The move, a reversal of the town board's earlier decision to eliminate the marina guard program and lay off several harbor patrol guards, came as several residents griped at Tuesday's town board meeting about vandalism and other crime at the marinas.

Mel Faust said several vessels docked near his power boat at the Bay Shore Marina had been burglarized in recent weeks, and youths were seen throwing bottles and skating on the boat ramps. He attributed the problems to a lack of guards. "We have to do something now," said the 50-year-old Central Islip man. "It's out of hand."

Islip Town park rangers and Suffolk police on April 27 caught three people at the West Islip Marina who allegedly stole gas cans and a bag from two boats there, said town officials. They stressed that despite the cuts, rangers and the county police force patrol the areas.

Councilwoman Trish Bergin Weichbrodt said she's received several complaints about little security at the marinas. Weichbrodt said she's requested Public Safety Commissioner John J. Carney compile a report on criminal activity at the town's marinas so the board can implement an action plan.

"It's very much a financial thing," Bergin Weichbrodt said.
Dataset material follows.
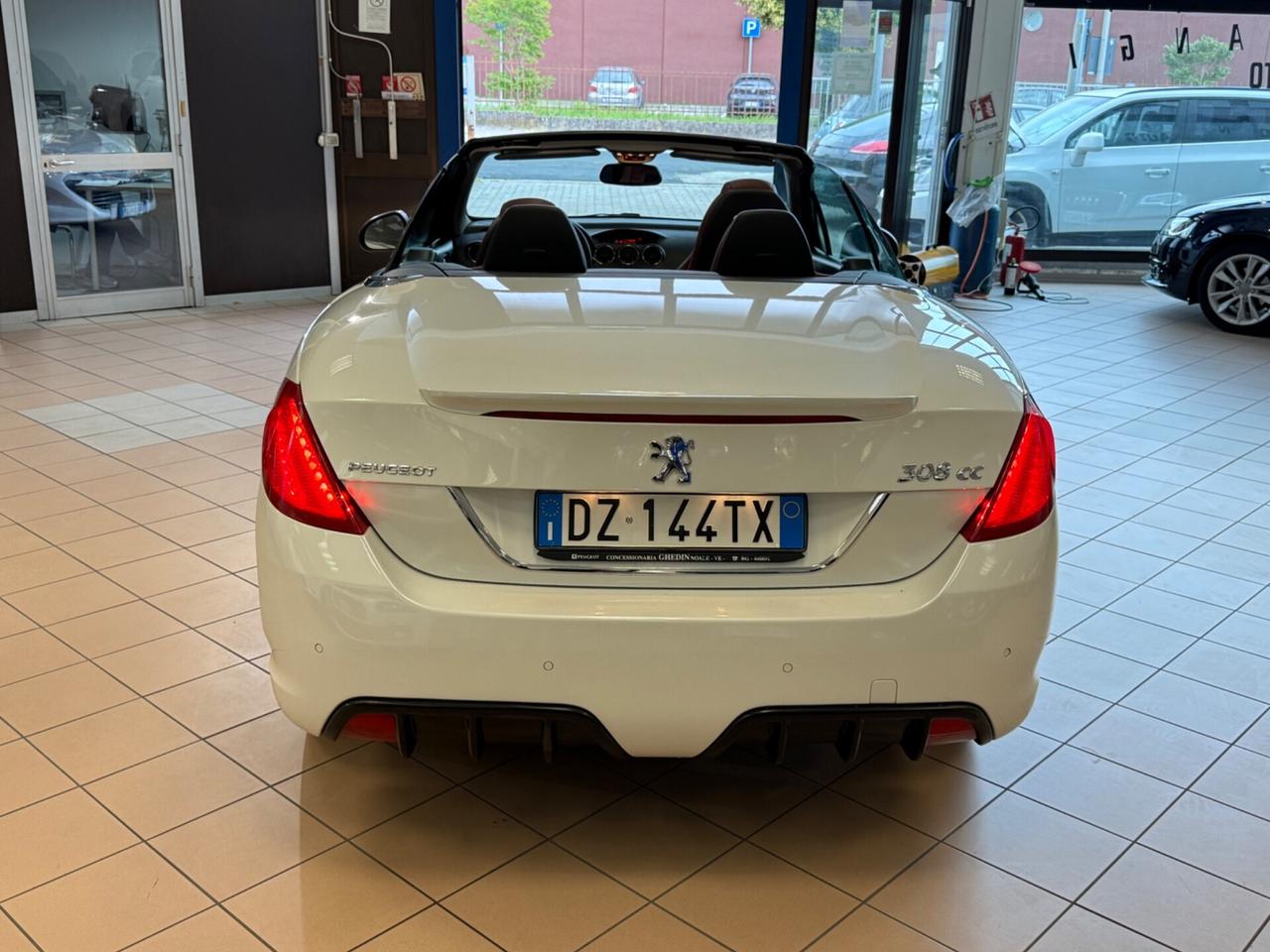 Peugeot 308 CABRIO 1.6 THP 156CV aut. CC Féline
Last year, the board eliminated its marina guard program and laid off harbor patrol guards to save about $1.2 million.

Councilman Anthony S. Senft Jr. said the town plans to hire the seasonal employees as early as next week, but the details and the cost had not yet been determined.
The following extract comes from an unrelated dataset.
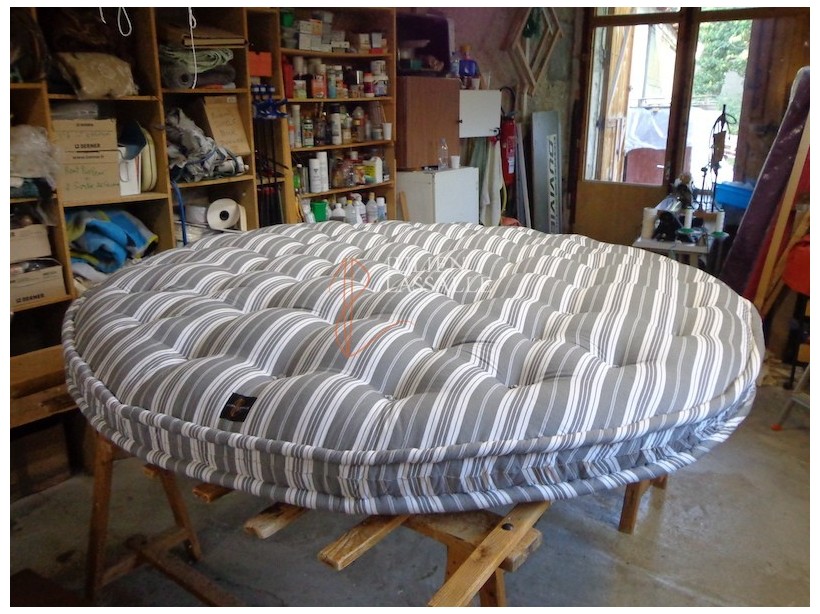Matelas rond laine - Fabrication Artisanale Française fait main.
"Do I regret [the cuts]? No, I still believe that was the right decision in a hard economic time," Senft said.

Councilman John C. Cochrane Jr. said it's important for the town to have a "presence" at the marinas.

James Papa, 54, of Bay Shore, said the situation is dangerous to public safety.

"Someone's boat gets damaged, it's a boat. But we're talking about a people problem," Papa said. "One of the primary responsibilities of government is to ensure the safety of its citizenry."Charlie Ferraro of Brentwood, who docks his sail boat in Bay Shore, said marina guards are needed to check permits and residents from other towns because those without permits are essentially stealing town services. "Right now, it's a gang-style operation over there," said Ferraro, 67.